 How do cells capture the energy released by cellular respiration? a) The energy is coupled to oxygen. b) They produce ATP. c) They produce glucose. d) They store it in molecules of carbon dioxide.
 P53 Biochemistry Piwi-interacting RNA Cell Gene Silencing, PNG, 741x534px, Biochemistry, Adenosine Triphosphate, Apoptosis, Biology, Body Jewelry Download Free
==
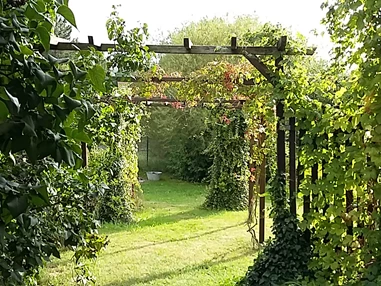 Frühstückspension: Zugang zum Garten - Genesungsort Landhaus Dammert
---
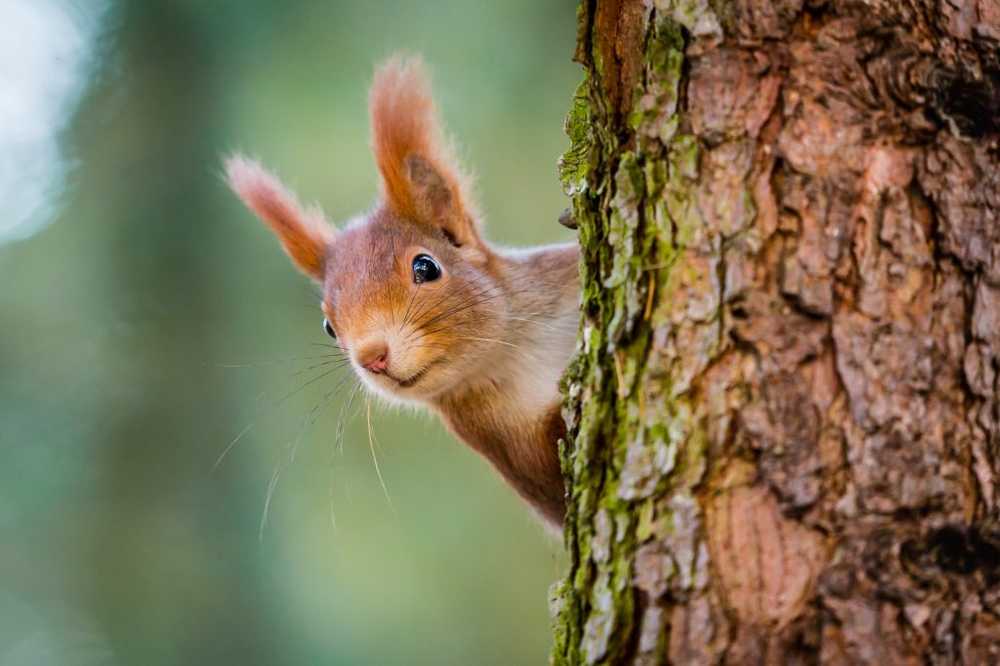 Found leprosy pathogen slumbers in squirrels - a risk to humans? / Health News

__ASSIGNED TASK__
Taking the line with "How do cells" as the first and the line with "P53 Biochemistry Piwi-interacting" as the last, retype that stretch of the data above exactly, with no other lines.

__EXERCISE OUTPUT__
 How do cells capture the energy released by cellular respiration? a) The energy is coupled to oxygen. b) They produce ATP. c) They produce glucose. d) They store it in molecules of carbon dioxide.
 P53 Biochemistry Piwi-interacting RNA Cell Gene Silencing, PNG, 741x534px, Biochemistry, Adenosine Triphosphate, Apoptosis, Biology, Body Jewelry Download Free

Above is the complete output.